O professor Lula foi ensinar seu pupilo Haddad a governar. Não satisfeito, já agendou sua próxima investida no magistério político. Na próxima segunda, sob o patrocínio do Instituto Lula, reunirá ministros de Estado, intelectuais petistas e convidados estrangeiros para uma aula de política externa.
Não se sabe se a presidente Dilma comparecerá. Mas seu governo estará lá. Não importa aqui analisar o conteúdo das aulas de Lula. É claro que ele nunca foi especialista nem em diretrizes administrativas, nem em política externa. Não é um teórico.
Sua especialidade é midiática, ocupação de espaços de visibilidade pública. Nos seus dois mandatos, jamais se passou um dia em que sua imagem não estivesse nos telejornais.
Construiu assim o seu próprio mito, que agora tenta reavivar, diante dos estragos que lhe causaram exposições negativas como a do Mensalão. Não há dúvida de que põe em cena a tese de que a melhor defesa é o ataque.
Ao tempo em que exerce o papel de professor/consultor de governos, anuncia que retomará viagens por todo o país, como o fez ao tempo das caravanas da cidadania, quando era oposição e construía sua caminhada para o Planalto.
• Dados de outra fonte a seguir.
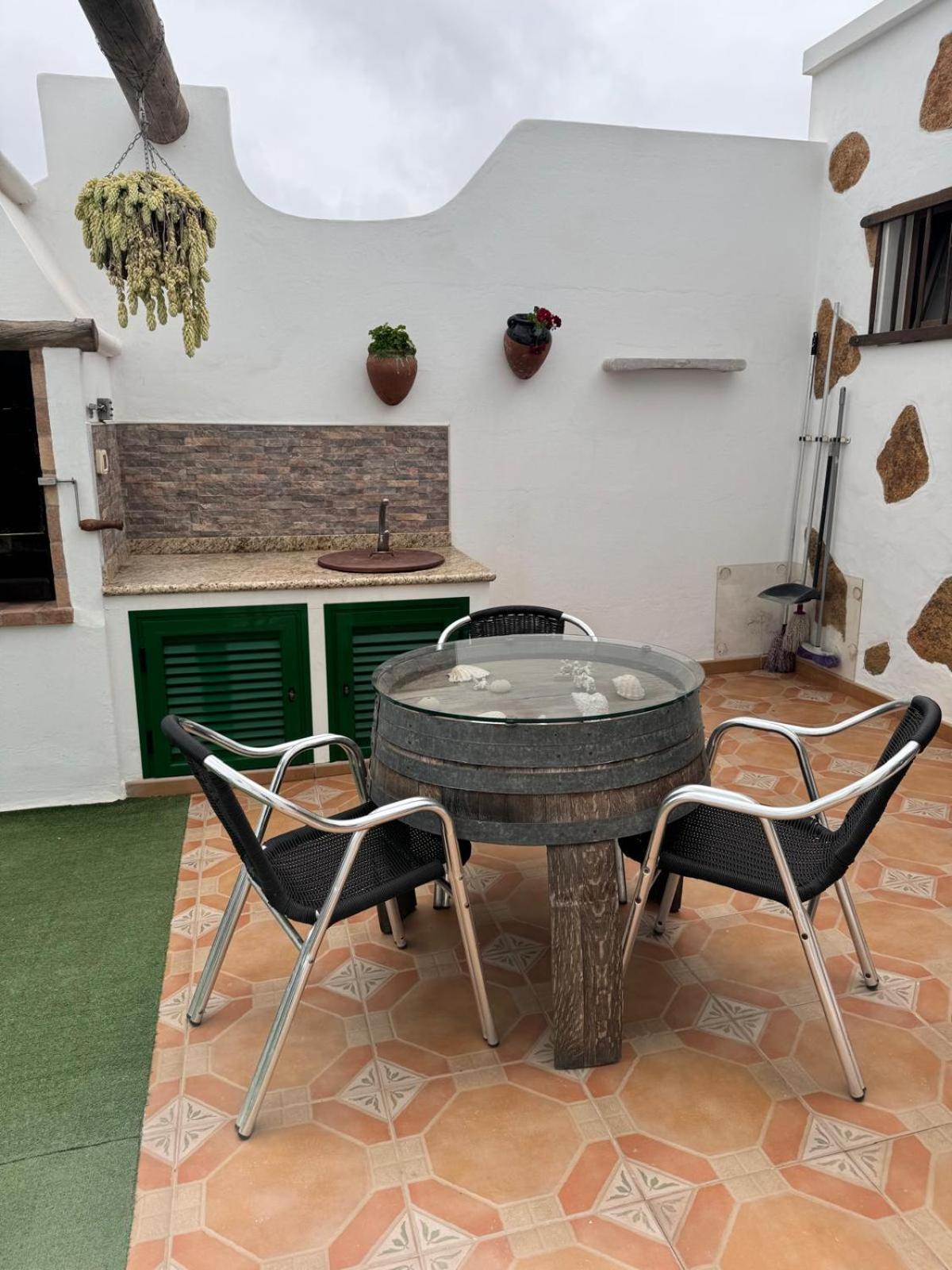 Casa Tajinaste * Tinajo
Com isso, pretende inibir ações investigativas do Ministério Público, tendo em vista as denúncias de Marcos Valério, de que teria sido beneficiário do Mensalão.
Revivendo o mito Lula, espera ter a opinião pública a seu lado e repetir o que ocorreu em 2005, quando o procurador-geral da República, Antonio Fernandes de Souza, o excluiu da denúncia do Mensalão, receando a reação popular. Livre do imbróglio, reelegeu-se.
Paralelamente, recoloca, com essa estratégia, o seu nome na órbita sucessória, embora, obviamente, o negue, já que não lhe convém ter a presidente Dilma em rota de confronto.
Mas é óbvio que a exposição pública que pretende torna essa hipótese presente.
A popularidade de Dilma depende da economia, que não dá sinais alentadores, embora seu impacto ainda não seja percebido na sua real dimensão.
Não havendo reversão, a tendência é a queda de popularidade, circunstância em que Lula volta a ser o nome do PT, para a preservação do poder.
Isso não é novidade: Lula já havia dito que, estando bem, Dilma será a candidata, o que deixa claro que, não estando, não será. E será quem? Ora, um doce para quem adivinhar.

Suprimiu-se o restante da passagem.